Таким образом, большинство критиков сочли спектакль неудачей Стуруа. Режиссера обвинили в вытравливании темперамента из актеров. Сильно прозвучал диагноз: режиссер выпал из эпохи и культурного пространства. При этом некоторые критики отдали дань руставелиевским актерам, в основном выделяя Зазу Папуашвили.
Однако есть рецензия, автор которой полагает, что режиссер попытался осмыслить сдвинутые человеческие отношения, «сумасшествие современности, своей и нашей», что он явил новую стилистику, возникшую на старых дрожжах его особенного режиссерского дара. Но в зале и в рядах критики к такому Стуруа готовы не были, пишет рецензент, поясняя: «Ожидали увидеть нечто прежнее, узнаваемое, поэтичное, с национальными мотивами»[310].
Во многом соглашаясь с автором статьи, выскажу и существенное возражение. Ждали, действительно, привычное и узнаваемое. Но таким привычным был Стуруа времен «Кавказского мелового круга» и «Ричарда III». Об этом прямо написал один из рецензентов, заметив, что театр Стуруа знают, любят в Москве и «восхищенно помнят о легендарных спектаклях 70-х – „Ричарде III“ и „Кавказском меловом круге“, больших событиях в театральной жизни большой страны»[311].
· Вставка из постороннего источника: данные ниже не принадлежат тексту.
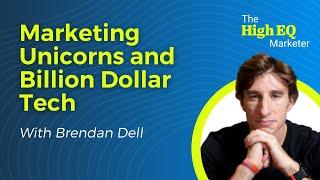 E25: Marketing Unicorns and Billion Dollar Tech With Brendan Dell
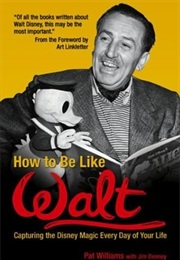 How to Be Like Walt (Pat Williams)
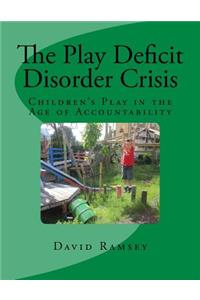 Play Deficit Disorder Crisis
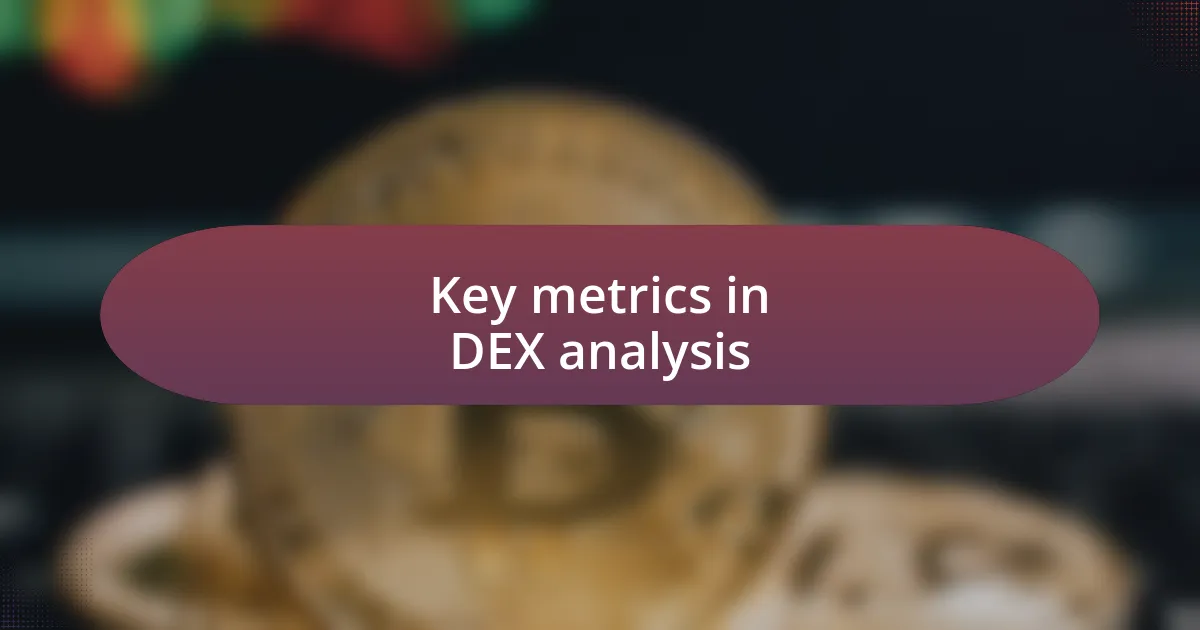 Key metrics in DEX analysis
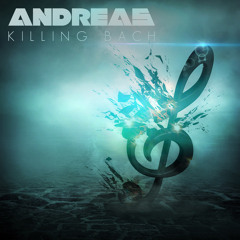 Killing Bach - ANDREAS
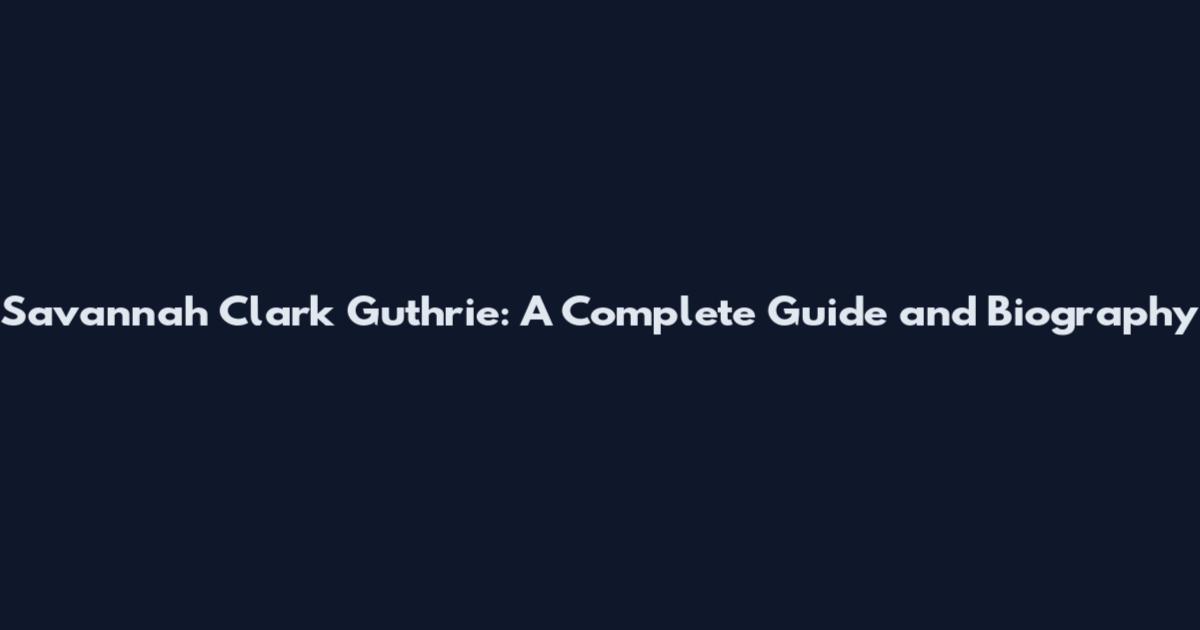 Savannah Clark Guthrie: A Complete Guide and Biography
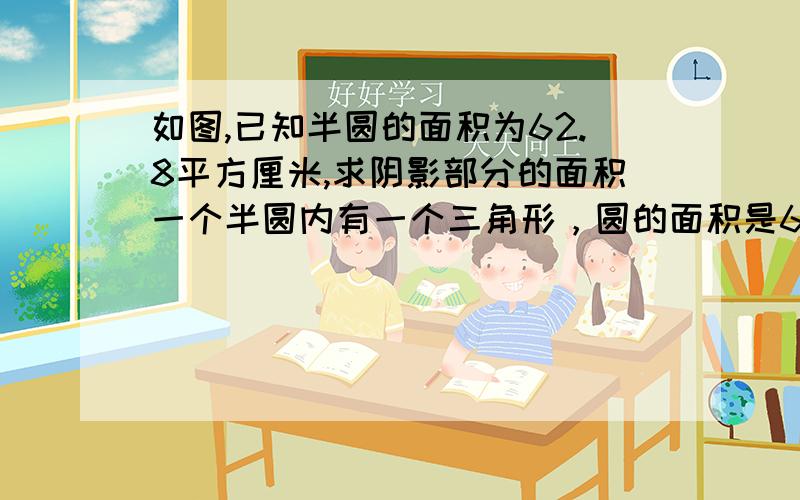 如图,已知半圆的面积为62.8平方厘米,求阴影部分的面积一个半圆内有一个三角形，圆的面积是62.8平方厘米，三角形的底等于圆的直径，三角形的高等于圆的半径，三角形的地角与半圆呈45°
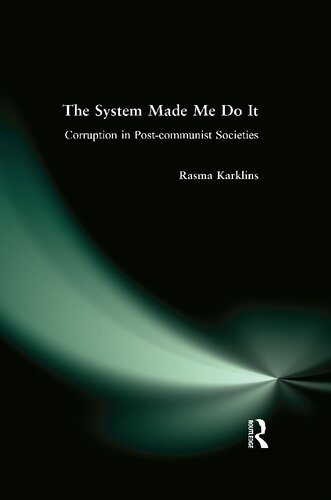 The System Made Me Do it: Corruption in Post-communist Societies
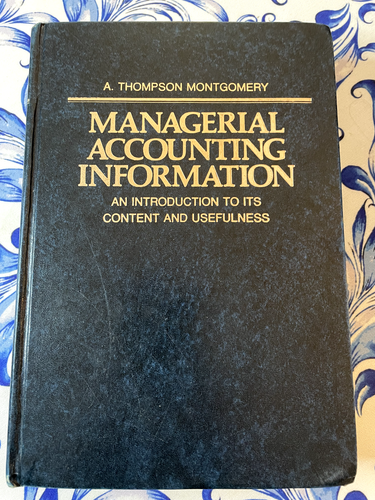 Managerial Accounting Information, A. Thompson Montgomery, Hardback, 1980, 2nd - Imagen 1 de 9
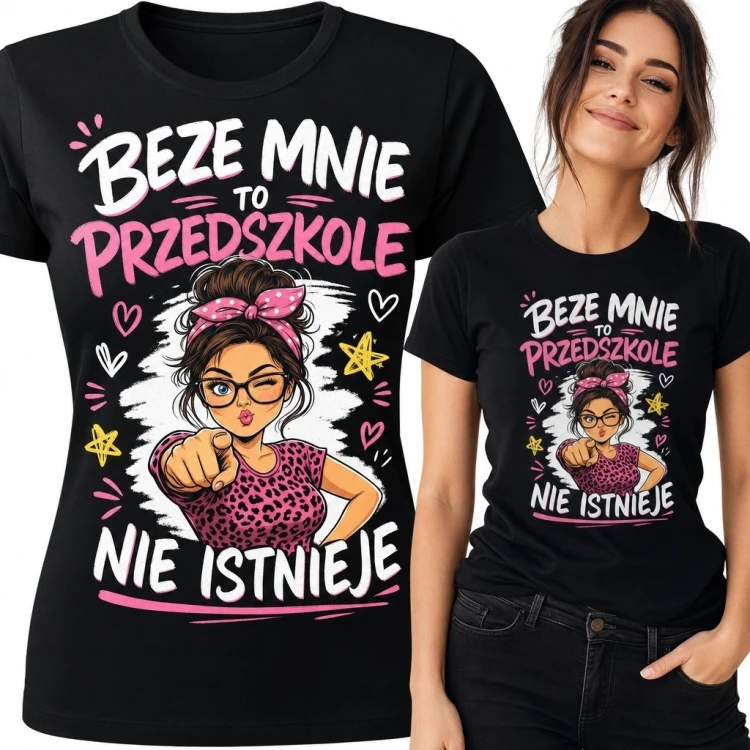 Koszulka damska dla nauczycielki przedszkola - „Beze mnie to przedszkole nie istnieje”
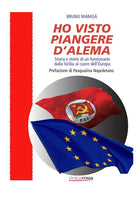 Ho visto piangere D'Alema. Storia e storie di un funzionario dalla Sicilia al cuore dellEuropa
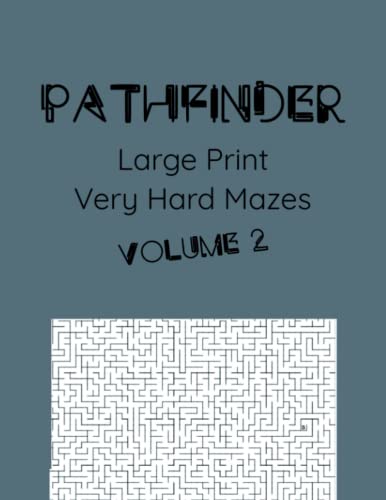 Pathfinder Volume 2: Maze Puzzle Book for Adults & Teens, A Book of Mazes to Find a Path and Explore - 200 Very Hard Maze Puzzles Without Solutions For Hardcore Puzzlers (Puzzles for Everyone)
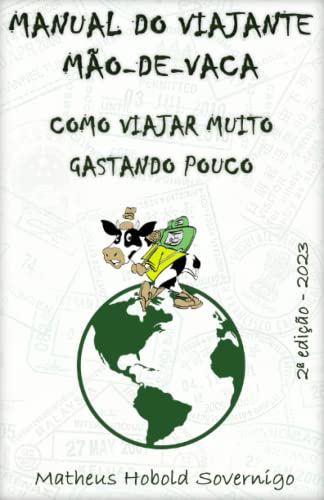 Stock image for Manual do viajante m?o-de-vaca for sale by PBShop.store US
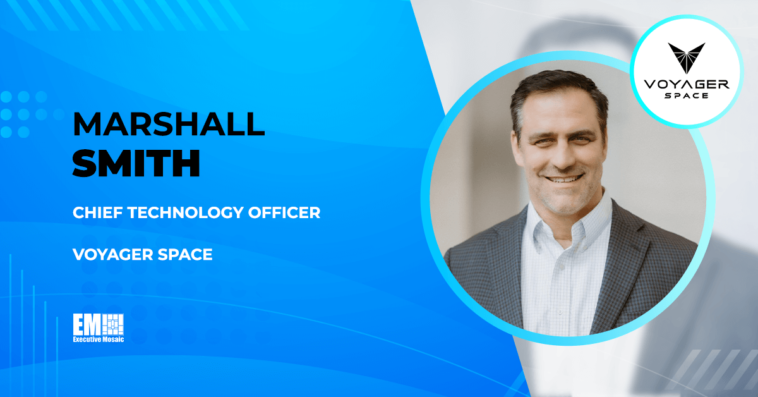 Marshall Smith Appointed Voyager CTO, Member of Starlab Space Board of Directors - top government contractors - best government contracting event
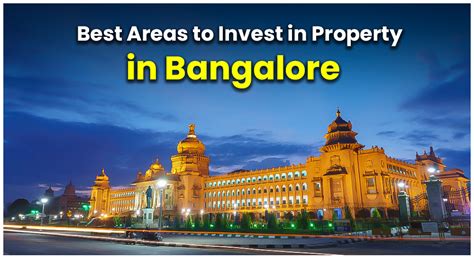 Top Areas For Real Estate Investment In Bangalore Best Places To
Что же касается «национальных мотивов» и «поэтичного», то эти качества ярко проявились и в полной мере были свойственны спектаклю «Ламара», а его многие московские критики, в отличие от петербургских, как мы видели, по сути, отвергли. (Отметим, что спектакль «Невзгоды Дариспана» в Санкт-Петербург не привозили.) Имея в виду восприятие хотя бы «Ламары» Стуруа, вряд ли стоит полагать, что от постановки «Невзгоды Дариспана» ждали что-то «поэтичное» или «с национальными мотивами». Нет, судя по всему, хотели и готовы были видеть именно Стуруа-«европейца», интерпретатора Шекспира и Брехта, «западника». О том самом Стуруа ностальгировали, а поскольку режиссер не ответил этим ожиданиям, то оказался принят еще более жестко.
На мой взгляд, спектакль получился, есть в нем и существенная новизна. Обратимся к его анализу.
Уже в сценографии показан представленный городским пейзажем сдвинутый, впрочем, ставший во многом привычным, опаленный войной мир современной Грузии, каким он был на момент премьеры спектакля. Старый двор, слева полуразрушенная стена, церквушка, на заднике – остатки изображения Сикстинской Мадонны. И тут же – рояль, фрагмент ванной комнаты с евроремонтом, компьютер на столе, из-за кулис видна машина современной марки. Кто-то из обитателей двора в камуфляжной форме, кто-то в халате. Рабочие-ремонтники – в спецовках. Время от времени раздаются то ли взрывы, то ли канонада, то ли удары грома. Люди рефлекторно ложатся на землю и пережидают. И затем опять продолжают свои дела. По мере сил и возможностей решают житейские проблемы, например ремонтируют квартиры или выдают дочерей замуж. К такому режиму привыкли даже птицы. С окончанием взрывов они, словно стремясь наверстать, с особой силой возобновляют прекратившееся было пение.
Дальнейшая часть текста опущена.